### Work item
Records follow. Print exactly the lines from the one that has "kitchen preparation for bakery products" through the one that has "Hansley Funnel Neck Denim Jacket", inclusive, and omit the pictures.

### Records supplied
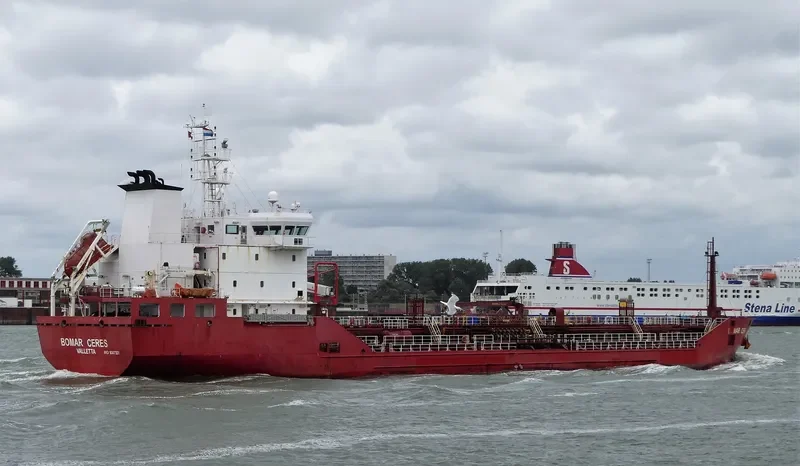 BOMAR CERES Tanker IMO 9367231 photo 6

* * *

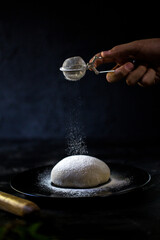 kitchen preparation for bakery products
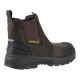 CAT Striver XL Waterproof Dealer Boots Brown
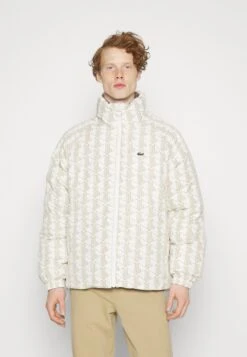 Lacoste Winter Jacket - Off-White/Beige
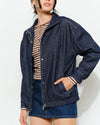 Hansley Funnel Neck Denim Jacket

### Written response
 kitchen preparation for bakery products
 CAT Striver XL Waterproof Dealer Boots Brown
 Lacoste Winter Jacket - Off-White/Beige
 Hansley Funnel Neck Denim Jacket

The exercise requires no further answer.